**Items listed in a dataset:**
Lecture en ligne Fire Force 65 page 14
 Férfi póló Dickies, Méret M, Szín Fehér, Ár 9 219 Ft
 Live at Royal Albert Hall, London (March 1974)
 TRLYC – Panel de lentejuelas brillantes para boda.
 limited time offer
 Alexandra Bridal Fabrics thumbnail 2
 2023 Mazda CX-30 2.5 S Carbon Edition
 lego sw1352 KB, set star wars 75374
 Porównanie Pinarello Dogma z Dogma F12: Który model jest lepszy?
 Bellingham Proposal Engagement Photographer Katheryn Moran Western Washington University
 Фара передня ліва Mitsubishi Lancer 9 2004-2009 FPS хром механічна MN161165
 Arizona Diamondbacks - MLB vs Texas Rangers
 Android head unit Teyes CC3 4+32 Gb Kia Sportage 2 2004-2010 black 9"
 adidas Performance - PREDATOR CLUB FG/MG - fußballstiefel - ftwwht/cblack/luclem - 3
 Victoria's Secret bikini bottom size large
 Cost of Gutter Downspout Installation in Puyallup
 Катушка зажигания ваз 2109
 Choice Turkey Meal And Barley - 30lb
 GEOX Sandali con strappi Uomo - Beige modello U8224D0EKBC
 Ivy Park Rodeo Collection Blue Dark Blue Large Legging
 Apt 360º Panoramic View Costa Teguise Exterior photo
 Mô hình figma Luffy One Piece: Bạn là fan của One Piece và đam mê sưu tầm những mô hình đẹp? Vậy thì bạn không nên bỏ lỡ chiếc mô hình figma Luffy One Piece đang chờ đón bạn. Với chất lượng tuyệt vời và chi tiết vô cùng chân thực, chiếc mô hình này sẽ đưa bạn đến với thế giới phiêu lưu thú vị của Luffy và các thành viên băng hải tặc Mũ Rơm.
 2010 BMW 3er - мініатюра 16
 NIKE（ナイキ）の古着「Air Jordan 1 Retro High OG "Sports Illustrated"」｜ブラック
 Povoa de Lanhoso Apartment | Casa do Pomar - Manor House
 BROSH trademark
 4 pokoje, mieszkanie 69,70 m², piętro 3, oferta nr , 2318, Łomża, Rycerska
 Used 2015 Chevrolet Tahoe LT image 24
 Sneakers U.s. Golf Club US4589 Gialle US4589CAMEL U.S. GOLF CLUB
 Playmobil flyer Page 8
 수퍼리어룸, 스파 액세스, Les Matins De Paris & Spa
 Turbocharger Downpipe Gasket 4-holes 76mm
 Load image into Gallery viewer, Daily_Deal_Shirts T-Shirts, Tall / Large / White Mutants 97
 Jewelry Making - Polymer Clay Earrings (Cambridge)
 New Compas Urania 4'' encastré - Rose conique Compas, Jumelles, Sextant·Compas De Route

**The problem:**
Within the records above, the line carrying "Mô hình figma Luffy One Piece: Bạn" starts the range and the last line ends it. Set down that range exactly.

**Reply:**
 Mô hình figma Luffy One Piece: Bạn là fan của One Piece và đam mê sưu tầm những mô hình đẹp? Vậy thì bạn không nên bỏ lỡ chiếc mô hình figma Luffy One Piece đang chờ đón bạn. Với chất lượng tuyệt vời và chi tiết vô cùng chân thực, chiếc mô hình này sẽ đưa bạn đến với thế giới phiêu lưu thú vị của Luffy và các thành viên băng hải tặc Mũ Rơm.
 2010 BMW 3er - мініатюра 16
 NIKE（ナイキ）の古着「Air Jordan 1 Retro High OG "Sports Illustrated"」｜ブラック
 Povoa de Lanhoso Apartment | Casa do Pomar - Manor House
 BROSH trademark
 4 pokoje, mieszkanie 69,70 m², piętro 3, oferta nr , 2318, Łomża, Rycerska
 Used 2015 Chevrolet Tahoe LT image 24
 Sneakers U.s. Golf Club US4589 Gialle US4589CAMEL U.S. GOLF CLUB
 Playmobil flyer Page 8
 수퍼리어룸, 스파 액세스, Les Matins De Paris & Spa
 Turbocharger Downpipe Gasket 4-holes 76mm
 Load image into Gallery viewer, Daily_Deal_Shirts T-Shirts, Tall / Large / White Mutants 97
 Jewelry Making - Polymer Clay Earrings (Cambridge)
 New Compas Urania 4'' encastré - Rose conique Compas, Jumelles, Sextant·Compas De Route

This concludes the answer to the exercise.